**SOURCE MATERIAL:**
┌──

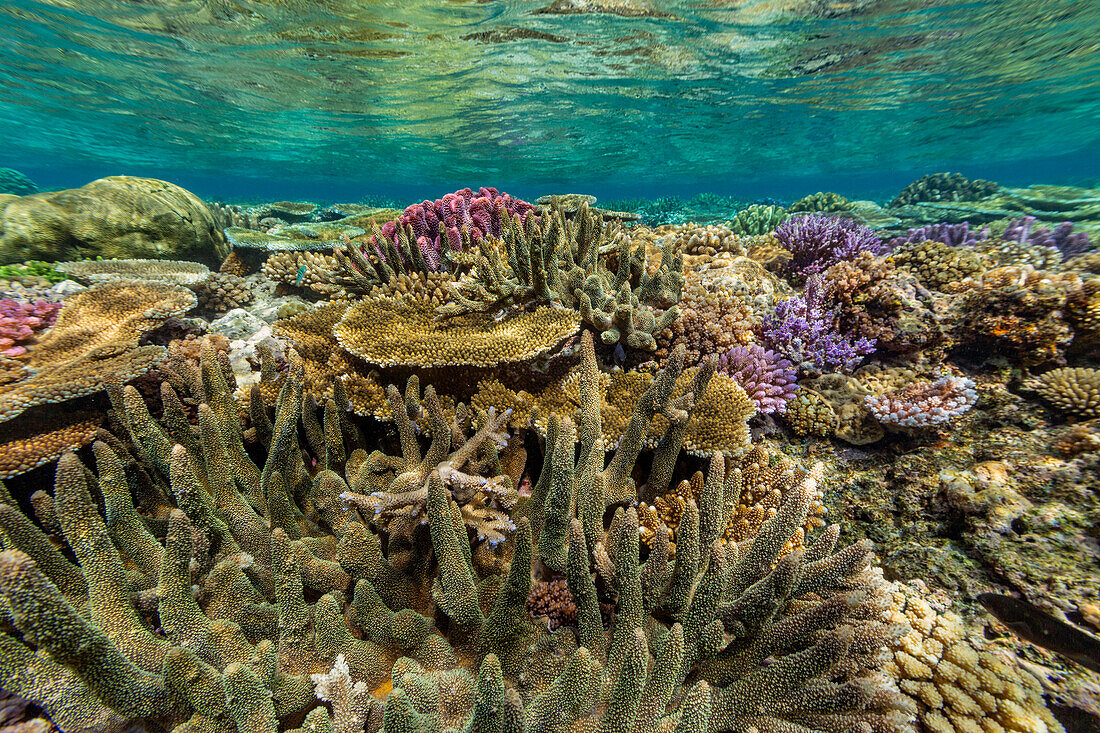 A myriad of hard and soft corals at Vatu-I-Ra Conservation Park on Viti Levu, Fiji, South Pacific, Pacific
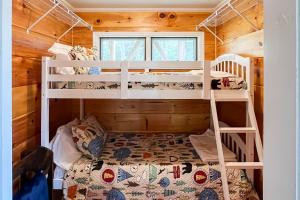 - une chambre avec 2 lits superposés dans une cabine dans l'établissement Bear Feet Retreat, à Banner Elk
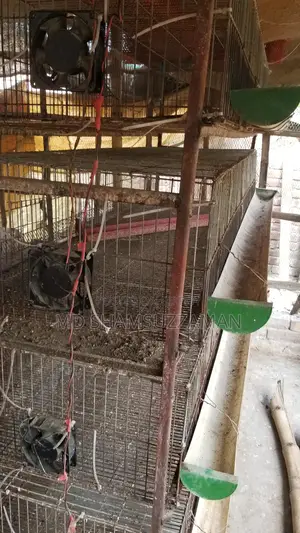 কোয়েল পাখির খাঁচা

└──

**WHAT YOU WILL DO:**
Omitting the pictures, write out the material above exactly as it stands.

**EXPECTED OUTPUT:**
 A myriad of hard and soft corals at Vatu-I-Ra Conservation Park on Viti Levu, Fiji, South Pacific, Pacific
 - une chambre avec 2 lits superposés dans une cabine dans l'établissement Bear Feet Retreat, à Banner Elk
 কোয়েল পাখির খাঁচা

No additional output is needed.